Letras Elétricas
Textões e ficções sem compromisso
by J. G. Gouvêa Atualizado em 2021-05-05

Blogs que Leio: Wilson Vaccari

Publicado em: 12/10/2014

Preciso começar com um alerta relevante: Wilson Vaccari é para iniciados. Aproxime-se dele como quem se aproxima de um campo minado onde plantaram um pé de maçã. Não é crime ler o que ele escreve, mas se você não for extremamente cauteloso ao interagir com este autor, corre o risco de despertar uma *shitstorm* rocambolesca. Se vocês me acham ogro, precisam conhecer o Wilson. Talvez esta reputação, merecida e herdada dos tempos de Orkut, explique porque eu frequentemente leio, mas nunca comento, e porque até hoje eu não criara a coragem de elogiar publicamente [o blog dele](http://wilvaccari.blogspot.com.br/).

Mas o diabo escreve bem, admiravelmente bem. Talvez não tão bem quanto ele acha que escreve, mas bem o bastante para que valha a pena ser lido. Compre-o pelo que ele vale e venda-o pelo que ele acha que vale e você terá feito um negócio da China.

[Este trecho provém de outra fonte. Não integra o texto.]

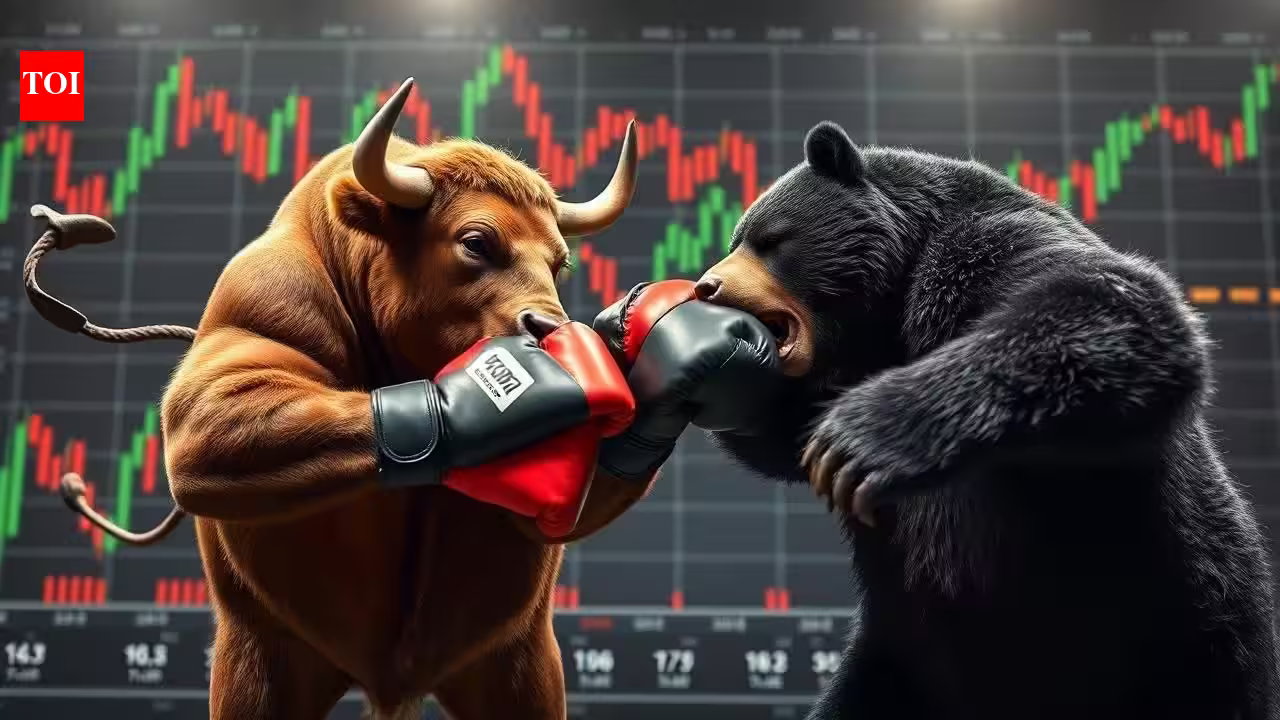 Market Crossroads: Your October 8, 2026, Buy-and-Sell Playbook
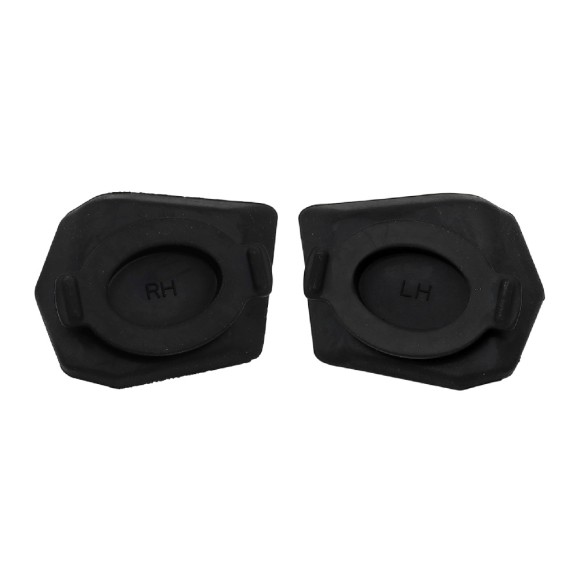 Заглушки боковые (2шт) Sledex для Polaris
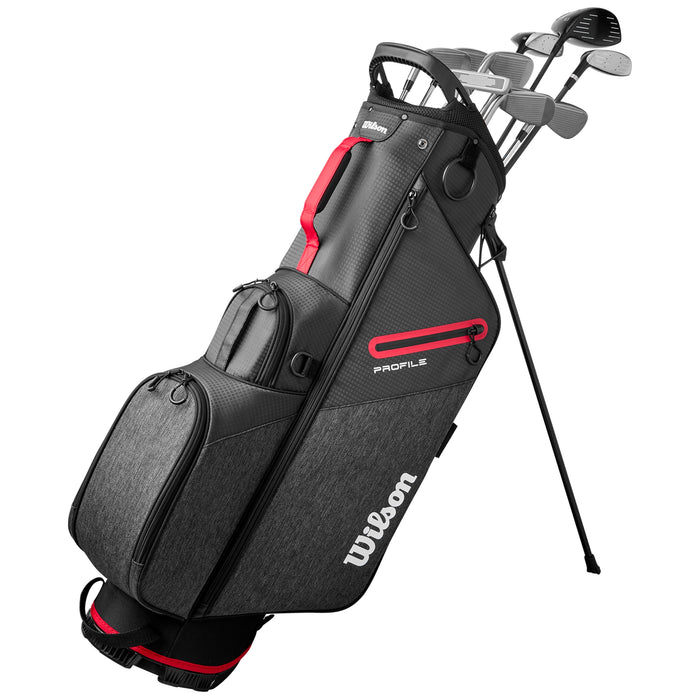 Wilson 2026 Profile Package Set - Graphite RH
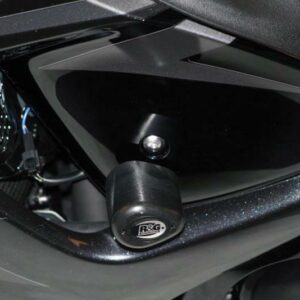 Protectores de carenado R&G RACING Aero - negro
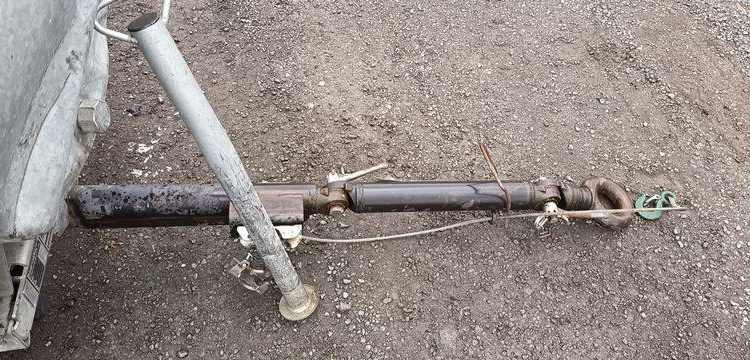 HUBIERE TONNE A EAU  ER-057-NS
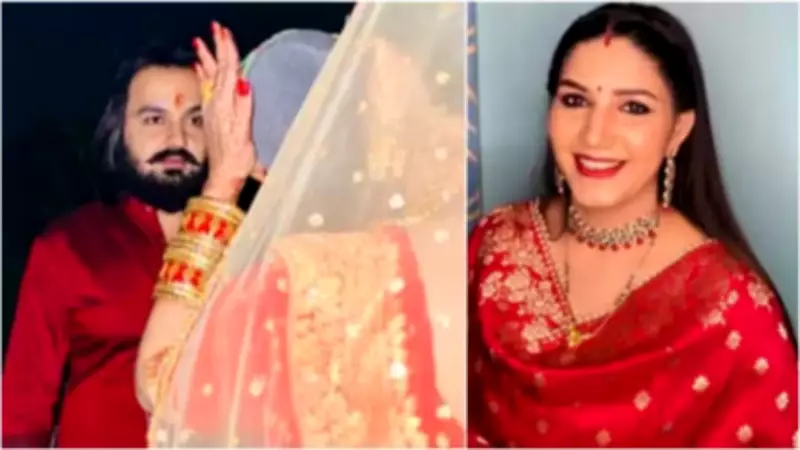 Sapna Choudhary Opens Up About Marriage, Tattoo Removal Plans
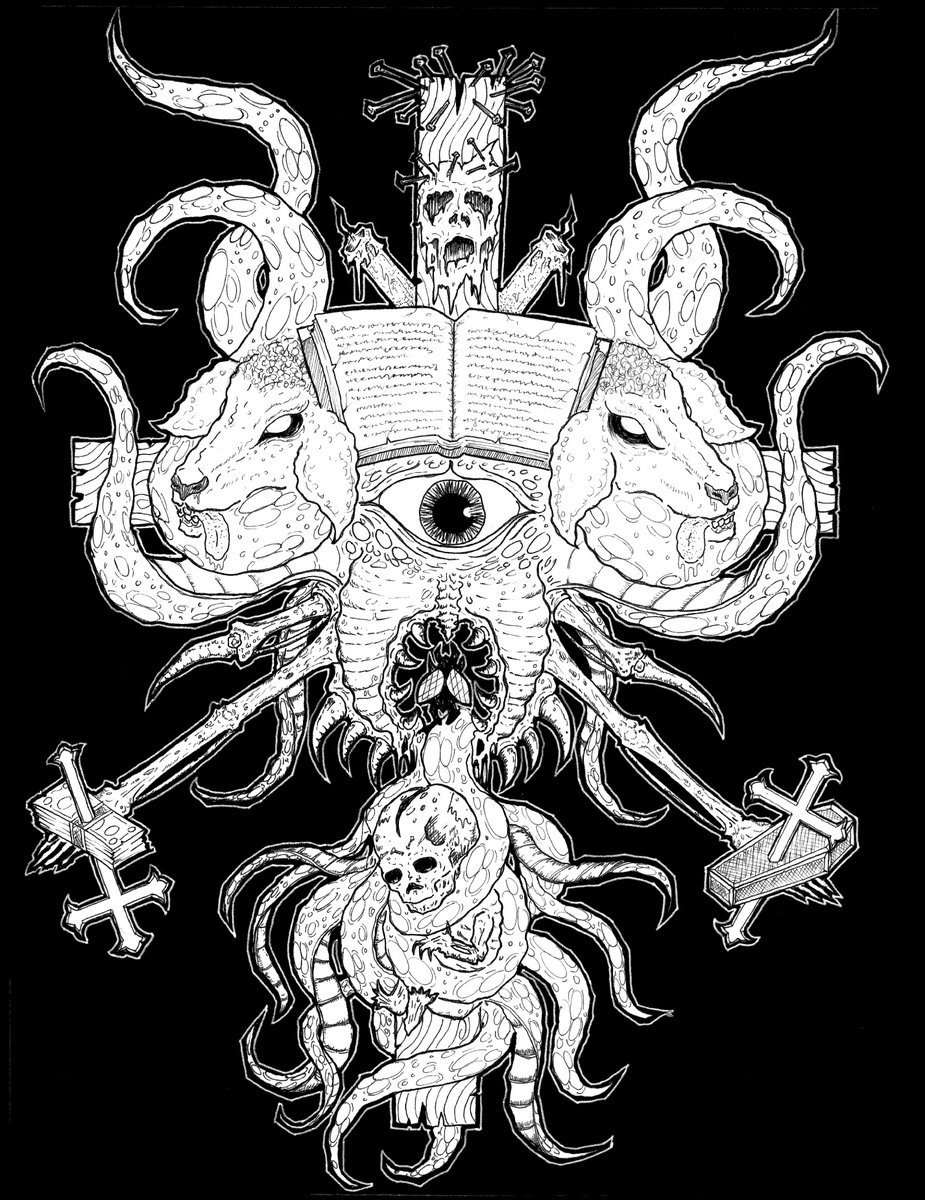 from the split with Ruin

O estilo de Vaccari é tão inconfundível quanto inclassificável, e talvez nisto esteja a sua modernidade. Apesar de pertencer a uma geração considerada “passada” pelos critérios etários, o seu estilo frenético e oblíquo apresenta uma linguagem surpreendentemente blogueira. Um tipo de memorialismo em pílulas, recheado de auto-ironias e inserido de narrativas que podem ser ficcionais, ou não.

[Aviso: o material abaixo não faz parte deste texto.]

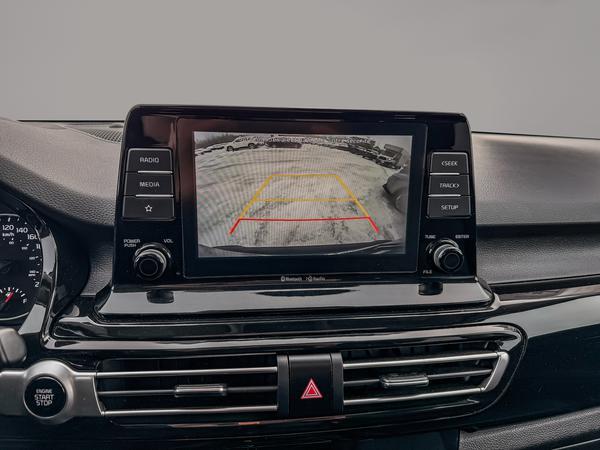 kia Seltos 2021 - 19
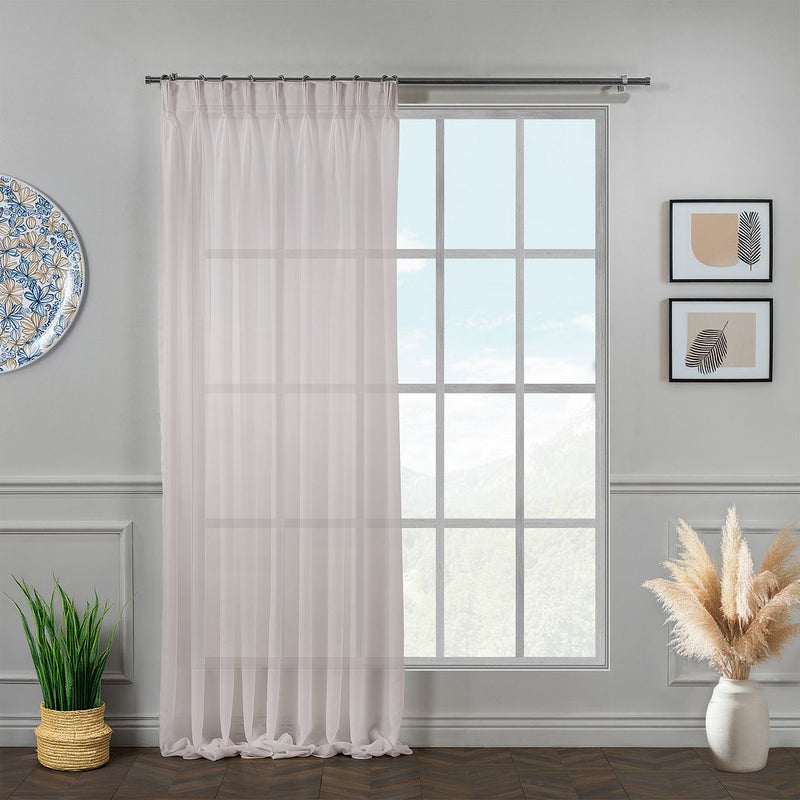 Semi sheer silk crepe pinch pleated curtains, semi sheer curtains, silk crepe curtains, pinch pleat curtains, light filtering curtains, elegant window drapes, decorative curtain panels, living room curtains, bedroom curtains, dining room curtains, nursery curtains, custom size curtains, custom drapes, privacy curtains, modern home decor, luxury window treatments, stylish curtain panels, window coverings, home furnishings, interior decor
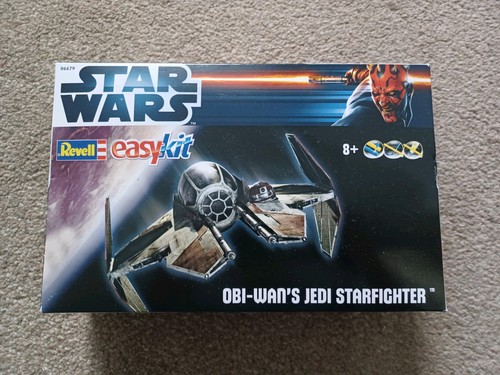 Revell star wars obi wan - star, obi-wan's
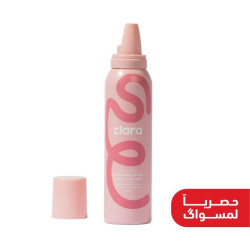 رغوة تصفيف الشعر فوليوم طبيعي 150 مل Volumizing Hair Styling Mousse 150ml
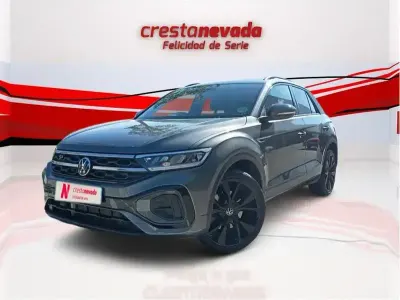 Usado VW T-Roc R-line 150 CV (110 kW) 2023 SUV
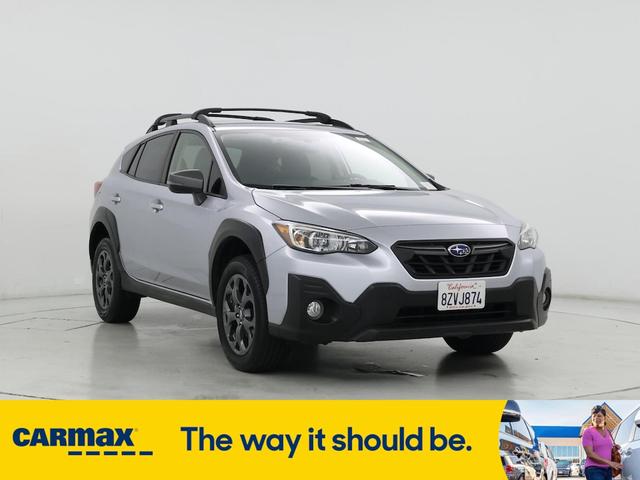 2022 Subaru Crosstrek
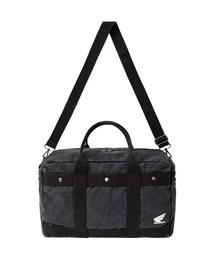 Washed Field Duffle Bag Charcoal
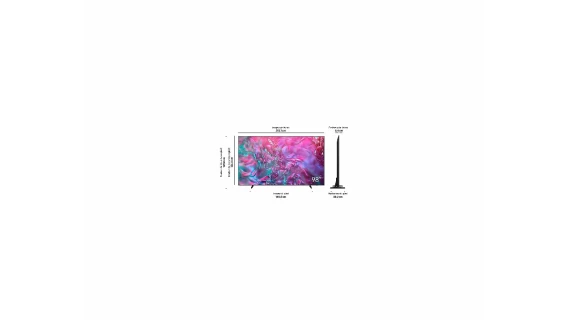 Téléviseur Samsung 98" Smart 4K 98DU9070 – Image 4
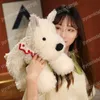 22/30/40 centimetri Soffici Simulazione Pet Dog Peluche Super Soft Creativo Animali di Peluche Complementi Arredo Casa Regali Per I Bambini regalo di compleanno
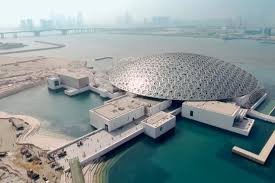 lourve Abu Dhabi
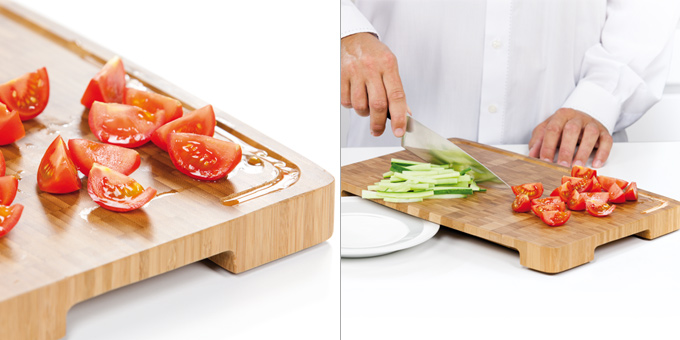 Разделочная доска AZZA 40x26 см Разделочная доска AZZA 40x26 см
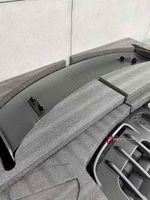 Заднее антикрыло с крышкой двигателя в стиле GT3 для PORSCHE 911 992.1 CARRERA 2019–2024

Atualmente ele está publicando uma série autobiográfica intitulada “Amorokê do Paraíso” que se parece com uma viagem lisérgica. Eu sei que filmaram “On The Road”, apesar dos esforços do Kerouac, mas Wilson Vaccari parece ter sua própria obsessão em ser infilmável, inenarrável, irresumível. Seus textos não têm sinopse, esta talvez seja a sua glória maior: a sinopse é um *tweet* pretensioso que pretende explicar um livro. Quando bem sucedida, é um sinal seguro de que a obra não merece ser lida, pois alguém que não é um autor famoso conseguiu condensar o espírito da obra em três ou quatro linhas.

Tal como Nietzsche, sua obra produz aforismas impecáveis a cada dois ou três parágrafos. Mas elas não são lapidares, não podem ser extraídas e postas num quadro. São perfeitas enquanto inseridas no caos. Retiradas dele, são frases planas, simples. A literatura de Vaccari não é só irresumível, é também inantologizável (sei que as duas palavras não existem, ó corretor ortográfico, mas permiti-me seu uso). Sua obra é um fluxo, trazer uma garrafa d’água não resume nem preserva o rio. O que você tem que fazer é ir lá, sentar numa pedra à margem e contemplar. Cuida de não atirar nenhuma pedra que perturbe a água, ou pode um boto místico voar de dentro dela e te arrastar ao remanso.